The logs look like this:
[b2rtc] File "/opt/conda/envs/mlflow-env/lib/python3.10/concurrent/futures/_base.py", line 403, in __get_result
[b2rtc] raise self._exception
[b2rtc] File "/opt/conda/envs/mlflow-env/lib/python3.10/site-packages/mlflowserving/scoring_server/__init__.py", line 182, in get_model_option_or_exit
[b2rtc] self.model = self.model_future.result()
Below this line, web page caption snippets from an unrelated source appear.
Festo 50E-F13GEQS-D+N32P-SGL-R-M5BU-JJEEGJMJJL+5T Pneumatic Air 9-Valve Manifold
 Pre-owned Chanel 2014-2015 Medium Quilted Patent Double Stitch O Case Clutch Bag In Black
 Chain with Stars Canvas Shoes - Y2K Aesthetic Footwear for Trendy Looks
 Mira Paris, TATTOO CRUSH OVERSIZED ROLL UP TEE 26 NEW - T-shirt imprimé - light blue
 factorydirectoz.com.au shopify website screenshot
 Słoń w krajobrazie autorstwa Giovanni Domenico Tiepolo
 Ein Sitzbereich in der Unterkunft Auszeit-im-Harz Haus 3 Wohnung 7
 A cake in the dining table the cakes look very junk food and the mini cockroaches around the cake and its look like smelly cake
[b2rtc] File "/opt/conda/envs/mlflow-env/lib/python3.10/concurrent/futures/_base.py", line 451, in result
[b2rtc] return self.__get_result()
[b2rtc] File "/opt/conda/envs/mlflow-env/lib/python3.10/concurrent/futures/_base.py", line 403, in __get_result
[b2rtc] raise self._exception
[b2rtc] File "/opt/conda/envs/mlflow-env/lib/python3.10/site-packages/mlflowserving/scoring_server/__init__.py", line 182, in get_model_option_or_exit
[b2rtc] self.model = self.model_future.result()
[b2rtc] File "/opt/conda/envs/mlflow-env/lib/python3.10/concurrent/futures/_base.py", line 451, in result
...
...
It goes on and on, but it’s the same six lines over and over again.
I’ve tried to google it, but I haven’t gotten any closer to the cause of this behaviour. Any ideas?